Limitation #6--The Pull Of Error
[0087] Because AI can be hungry for Big Data, it can be prone to
ingest erroneous data. Forests and NNs can be pulled toward error.
Errors in data distorts AI training, and future uses of the AI will
be affected by these distortions. The errors can take at least
three forms. All three are made more difficult with the curse of
dimensionality. But incorporating error is distinct from the curse,
even though these limitations often team up to attack the utility
of Deep Forests and DNNs.
[0088] The first form of erroneous data is accidental
proportionality bias. This is also known as sample bias. In some
cases, this form may overlap with messy human biases. Kahneman
says, "what you see is all there is," meaning your paradigms about
something block out all other information on that subject. Clearly,
we should expect human inputs to reflect proportionality bias. But
there are other causes which make this form of error distinct. For
example, there are several wireless OBD2 (On-Board Diagnostics-2)

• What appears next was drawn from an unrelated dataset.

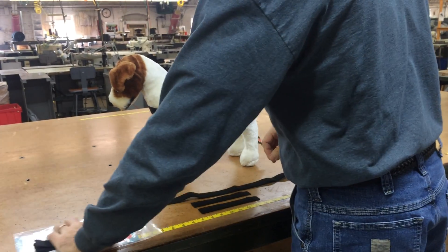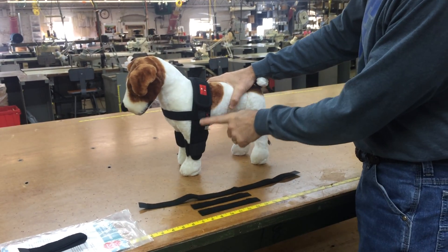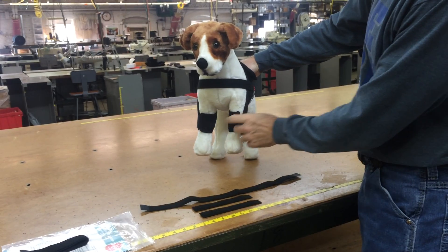It must be noted that the Shoulder Stabilization System must be used in conjunction with the Dog Legs Canine Protective Elbow Sleeve.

data readers. These devices connect to the data bus in cars, and
relay status of the engine and other systems. If every car had one,
we might be able to collect unbiased data. But people buy these
data readers to troubleshoot their autos. We'd expect there would
be a much higher proportion of malfunctioning cars in the wireless
OBD2 data stream. Even the malfunctions will be distorted. OBD2
data can be used to find out why the check engine light is on. But
we don't need it for flat tires or leaking radiators. And, we can't
use it when there is a major electrical fault and the computers
fail. We can't use it when the computer boards burn out.
[0089] To make matters more complicated, luxury cars have more
sensors reporting on OBD2 than economy cars. Looking at OBD2 data
only, we might conclude that low tire pressure is more common on
luxury cars, because each tire can send a low-pressure warning.
Less expensive tires use a logical OR function. 1, 2, 3, or 4 low
tires all send the same low tire warning.
[0090] So, we see bias is lurking everywhere. There are too many
forms of accidental proportionality bias to list. This is a central
challenge in opinion polling, and it is the central problem in
political opinion polling. Because of the curse of dimensionality,
there is great temptation to ignore proportion bias, or to believe
we can correct for it. But, as the number of dimensions increases,
the curse of dimensionality makes proportion bias more likely.
[0091] If we have a data set with five kinds of observations, and a
90% confidence that each of them is truly randomly sampled (no
bias), then we are still at elevated risk. We have about a 40%
chance bias has snuck into our data base somewhere, and we probably
don't know where it is. The odds are only a little better than
50-50, which limits the places we can apply it. Looking for these
errors is, as Babbage might have said, exhausting.
[0092] As seen in Table 2, showing bias risks versus
dimensionality, a data set with the same five dimensions (e.g.,
pixels with RGB and x, y location) and an 80% chance that each of
these is unbiased, has only a 33% chance of avoiding bias in the
resulting dataset.
TABLE-US-00003 TABLE 2 Odds Each Dimension is Unbiased Dimensions
99% 90% 80% 70% 2 98% 81% 64% 49% 3 97% 73% 51% 34% 4 96% 66% 41%
24% 5 95% 59% 33% 17% 6 94% 53% 26% 12% 10 90% 35% 11% 3% 100 37%
0% 0% 0%
Table 2 shows how the risk of bias combines with the curse of
dimensionality. Even if we have a 99% chance of avoiding bias in
our 5-dimensional example, we'd expect that about 5% of the time,
we'll end up with bias sneaking in. So, one out of every 20 AI
models we build will exhibit errors from bias.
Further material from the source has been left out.